## TASK GOAL
Using the records below, quote only the span that opens with the line containing "Kanye: White Oversized T-shirt" and closes with the line containing "Weddingmagazine's tweet photo.", exactly and inclusively.

(Recorded data)
****************************************

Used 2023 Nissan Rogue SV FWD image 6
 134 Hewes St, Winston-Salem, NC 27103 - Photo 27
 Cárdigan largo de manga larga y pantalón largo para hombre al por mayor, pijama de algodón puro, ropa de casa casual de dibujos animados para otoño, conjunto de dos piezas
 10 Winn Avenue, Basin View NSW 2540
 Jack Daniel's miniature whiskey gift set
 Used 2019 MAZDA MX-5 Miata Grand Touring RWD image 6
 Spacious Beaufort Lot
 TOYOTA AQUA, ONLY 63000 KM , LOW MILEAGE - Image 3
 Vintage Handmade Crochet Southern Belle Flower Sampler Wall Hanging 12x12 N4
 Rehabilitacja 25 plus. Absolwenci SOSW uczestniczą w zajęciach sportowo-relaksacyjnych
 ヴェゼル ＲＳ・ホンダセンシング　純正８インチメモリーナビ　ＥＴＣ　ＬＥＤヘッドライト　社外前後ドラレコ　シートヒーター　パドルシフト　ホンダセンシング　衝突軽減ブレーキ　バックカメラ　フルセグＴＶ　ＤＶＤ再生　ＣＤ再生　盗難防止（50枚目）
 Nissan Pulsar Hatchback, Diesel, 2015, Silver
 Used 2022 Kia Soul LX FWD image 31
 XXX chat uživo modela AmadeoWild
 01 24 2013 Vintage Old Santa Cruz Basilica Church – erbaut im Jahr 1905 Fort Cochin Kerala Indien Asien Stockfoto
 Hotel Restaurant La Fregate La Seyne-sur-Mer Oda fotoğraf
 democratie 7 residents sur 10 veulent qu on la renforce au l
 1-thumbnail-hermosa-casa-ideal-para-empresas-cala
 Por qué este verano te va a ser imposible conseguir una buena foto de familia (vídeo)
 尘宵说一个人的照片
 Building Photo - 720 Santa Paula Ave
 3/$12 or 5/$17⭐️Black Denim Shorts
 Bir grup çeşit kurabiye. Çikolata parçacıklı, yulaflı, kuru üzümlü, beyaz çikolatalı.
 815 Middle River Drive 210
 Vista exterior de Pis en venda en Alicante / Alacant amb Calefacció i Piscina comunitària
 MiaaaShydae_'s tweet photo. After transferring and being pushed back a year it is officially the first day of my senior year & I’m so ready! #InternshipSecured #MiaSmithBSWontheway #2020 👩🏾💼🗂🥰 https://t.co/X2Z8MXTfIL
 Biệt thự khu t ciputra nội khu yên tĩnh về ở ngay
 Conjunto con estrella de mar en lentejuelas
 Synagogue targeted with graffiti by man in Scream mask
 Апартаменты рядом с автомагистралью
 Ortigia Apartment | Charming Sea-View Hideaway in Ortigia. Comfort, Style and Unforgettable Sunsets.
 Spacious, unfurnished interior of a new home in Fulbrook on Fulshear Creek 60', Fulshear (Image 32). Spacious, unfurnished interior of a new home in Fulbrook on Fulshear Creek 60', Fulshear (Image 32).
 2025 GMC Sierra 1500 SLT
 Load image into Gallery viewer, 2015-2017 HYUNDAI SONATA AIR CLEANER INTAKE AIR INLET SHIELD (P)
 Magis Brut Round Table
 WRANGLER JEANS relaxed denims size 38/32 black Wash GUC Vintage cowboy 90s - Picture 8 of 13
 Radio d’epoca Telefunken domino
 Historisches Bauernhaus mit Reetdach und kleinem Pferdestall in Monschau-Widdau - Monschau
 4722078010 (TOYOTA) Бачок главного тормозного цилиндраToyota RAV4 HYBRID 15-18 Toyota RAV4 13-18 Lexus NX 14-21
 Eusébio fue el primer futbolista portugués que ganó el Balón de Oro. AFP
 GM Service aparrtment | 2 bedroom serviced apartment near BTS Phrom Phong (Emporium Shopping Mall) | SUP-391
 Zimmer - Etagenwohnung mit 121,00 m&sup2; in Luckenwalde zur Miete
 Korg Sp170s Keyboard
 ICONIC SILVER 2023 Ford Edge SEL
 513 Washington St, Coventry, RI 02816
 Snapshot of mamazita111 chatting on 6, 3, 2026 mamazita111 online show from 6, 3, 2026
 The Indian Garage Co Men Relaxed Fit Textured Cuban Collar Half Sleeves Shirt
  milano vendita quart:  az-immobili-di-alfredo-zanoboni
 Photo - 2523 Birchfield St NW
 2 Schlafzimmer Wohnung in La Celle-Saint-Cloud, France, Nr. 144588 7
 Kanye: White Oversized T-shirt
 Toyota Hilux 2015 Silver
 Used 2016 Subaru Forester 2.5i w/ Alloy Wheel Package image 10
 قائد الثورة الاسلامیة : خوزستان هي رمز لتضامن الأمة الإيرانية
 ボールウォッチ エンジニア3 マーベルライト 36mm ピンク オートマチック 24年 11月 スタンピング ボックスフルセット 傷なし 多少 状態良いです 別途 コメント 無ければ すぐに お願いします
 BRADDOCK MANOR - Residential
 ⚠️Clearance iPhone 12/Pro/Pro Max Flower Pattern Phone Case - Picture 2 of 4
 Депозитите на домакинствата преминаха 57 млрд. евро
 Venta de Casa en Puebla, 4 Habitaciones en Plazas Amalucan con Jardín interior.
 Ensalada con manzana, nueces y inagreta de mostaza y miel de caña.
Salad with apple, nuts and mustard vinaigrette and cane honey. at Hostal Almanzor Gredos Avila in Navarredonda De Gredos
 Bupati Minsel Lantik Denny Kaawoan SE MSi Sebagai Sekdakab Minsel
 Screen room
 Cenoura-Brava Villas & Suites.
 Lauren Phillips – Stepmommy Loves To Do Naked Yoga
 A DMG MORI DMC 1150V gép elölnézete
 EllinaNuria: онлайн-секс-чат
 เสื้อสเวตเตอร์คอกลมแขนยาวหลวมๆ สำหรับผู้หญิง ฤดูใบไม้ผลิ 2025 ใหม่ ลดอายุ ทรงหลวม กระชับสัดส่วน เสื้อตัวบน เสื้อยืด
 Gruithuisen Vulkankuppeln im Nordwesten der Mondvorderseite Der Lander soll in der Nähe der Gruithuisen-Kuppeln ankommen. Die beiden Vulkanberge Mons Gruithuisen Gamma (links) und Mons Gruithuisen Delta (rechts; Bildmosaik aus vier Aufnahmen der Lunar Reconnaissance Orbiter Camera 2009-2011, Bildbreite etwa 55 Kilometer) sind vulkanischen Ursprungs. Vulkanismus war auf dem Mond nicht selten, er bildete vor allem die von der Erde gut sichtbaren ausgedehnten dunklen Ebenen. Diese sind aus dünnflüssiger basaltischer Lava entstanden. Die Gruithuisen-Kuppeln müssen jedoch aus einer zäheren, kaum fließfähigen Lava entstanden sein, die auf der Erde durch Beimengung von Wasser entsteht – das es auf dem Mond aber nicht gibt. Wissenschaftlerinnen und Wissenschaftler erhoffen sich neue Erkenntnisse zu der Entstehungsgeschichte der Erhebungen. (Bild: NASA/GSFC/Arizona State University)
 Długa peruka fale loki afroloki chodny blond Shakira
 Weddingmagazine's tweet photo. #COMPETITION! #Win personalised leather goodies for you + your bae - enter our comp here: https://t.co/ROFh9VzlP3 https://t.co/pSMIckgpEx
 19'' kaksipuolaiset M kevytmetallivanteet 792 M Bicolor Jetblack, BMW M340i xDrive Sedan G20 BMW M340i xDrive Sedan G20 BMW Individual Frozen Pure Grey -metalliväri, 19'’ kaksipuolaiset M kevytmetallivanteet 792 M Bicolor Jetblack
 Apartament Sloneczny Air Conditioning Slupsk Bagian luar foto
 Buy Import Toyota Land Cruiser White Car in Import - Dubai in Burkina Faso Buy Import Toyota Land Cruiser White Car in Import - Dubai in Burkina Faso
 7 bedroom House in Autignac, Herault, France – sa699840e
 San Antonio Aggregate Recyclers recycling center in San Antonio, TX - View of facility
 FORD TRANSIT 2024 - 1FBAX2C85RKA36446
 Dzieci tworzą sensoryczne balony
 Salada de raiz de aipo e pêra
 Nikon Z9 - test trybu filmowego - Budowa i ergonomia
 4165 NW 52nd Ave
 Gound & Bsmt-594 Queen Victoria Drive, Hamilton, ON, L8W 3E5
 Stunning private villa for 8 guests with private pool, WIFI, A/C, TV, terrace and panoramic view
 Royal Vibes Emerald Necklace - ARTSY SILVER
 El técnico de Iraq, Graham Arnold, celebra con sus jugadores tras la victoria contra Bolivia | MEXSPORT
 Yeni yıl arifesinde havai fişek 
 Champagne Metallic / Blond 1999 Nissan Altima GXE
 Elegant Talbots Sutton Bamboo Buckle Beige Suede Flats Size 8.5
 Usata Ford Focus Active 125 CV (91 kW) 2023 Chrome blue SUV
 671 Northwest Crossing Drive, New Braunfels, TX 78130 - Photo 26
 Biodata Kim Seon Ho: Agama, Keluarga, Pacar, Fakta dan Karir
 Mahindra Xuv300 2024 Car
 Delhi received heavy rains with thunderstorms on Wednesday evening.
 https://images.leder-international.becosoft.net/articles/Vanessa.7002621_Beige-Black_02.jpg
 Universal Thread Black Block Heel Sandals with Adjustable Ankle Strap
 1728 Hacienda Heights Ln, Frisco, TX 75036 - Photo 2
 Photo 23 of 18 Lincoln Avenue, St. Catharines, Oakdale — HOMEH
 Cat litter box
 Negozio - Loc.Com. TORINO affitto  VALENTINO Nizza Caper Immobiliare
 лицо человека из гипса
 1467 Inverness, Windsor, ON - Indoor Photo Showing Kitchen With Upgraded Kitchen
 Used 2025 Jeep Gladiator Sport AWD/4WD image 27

****************************************

## EXPECTED ANSWER
 Kanye: White Oversized T-shirt
 Toyota Hilux 2015 Silver
 Used 2016 Subaru Forester 2.5i w/ Alloy Wheel Package image 10
 قائد الثورة الاسلامیة : خوزستان هي رمز لتضامن الأمة الإيرانية
 ボールウォッチ エンジニア3 マーベルライト 36mm ピンク オートマチック 24年 11月 スタンピング ボックスフルセット 傷なし 多少 状態良いです 別途 コメント 無ければ すぐに お願いします
 BRADDOCK MANOR - Residential
 ⚠️Clearance iPhone 12/Pro/Pro Max Flower Pattern Phone Case - Picture 2 of 4
 Депозитите на домакинствата преминаха 57 млрд. евро
 Venta de Casa en Puebla, 4 Habitaciones en Plazas Amalucan con Jardín interior.
 Ensalada con manzana, nueces y inagreta de mostaza y miel de caña.
Salad with apple, nuts and mustard vinaigrette and cane honey. at Hostal Almanzor Gredos Avila in Navarredonda De Gredos
 Bupati Minsel Lantik Denny Kaawoan SE MSi Sebagai Sekdakab Minsel
 Screen room
 Cenoura-Brava Villas & Suites.
 Lauren Phillips – Stepmommy Loves To Do Naked Yoga
 A DMG MORI DMC 1150V gép elölnézete
 EllinaNuria: онлайн-секс-чат
 เสื้อสเวตเตอร์คอกลมแขนยาวหลวมๆ สำหรับผู้หญิง ฤดูใบไม้ผลิ 2025 ใหม่ ลดอายุ ทรงหลวม กระชับสัดส่วน เสื้อตัวบน เสื้อยืด
 Gruithuisen Vulkankuppeln im Nordwesten der Mondvorderseite Der Lander soll in der Nähe der Gruithuisen-Kuppeln ankommen. Die beiden Vulkanberge Mons Gruithuisen Gamma (links) und Mons Gruithuisen Delta (rechts; Bildmosaik aus vier Aufnahmen der Lunar Reconnaissance Orbiter Camera 2009-2011, Bildbreite etwa 55 Kilometer) sind vulkanischen Ursprungs. Vulkanismus war auf dem Mond nicht selten, er bildete vor allem die von der Erde gut sichtbaren ausgedehnten dunklen Ebenen. Diese sind aus dünnflüssiger basaltischer Lava entstanden. Die Gruithuisen-Kuppeln müssen jedoch aus einer zäheren, kaum fließfähigen Lava entstanden sein, die auf der Erde durch Beimengung von Wasser entsteht – das es auf dem Mond aber nicht gibt. Wissenschaftlerinnen und Wissenschaftler erhoffen sich neue Erkenntnisse zu der Entstehungsgeschichte der Erhebungen. (Bild: NASA/GSFC/Arizona State University)
 Długa peruka fale loki afroloki chodny blond Shakira
 Weddingmagazine's tweet photo. #COMPETITION! #Win personalised leather goodies for you + your bae - enter our comp here: https://t.co/ROFh9VzlP3 https://t.co/pSMIckgpEx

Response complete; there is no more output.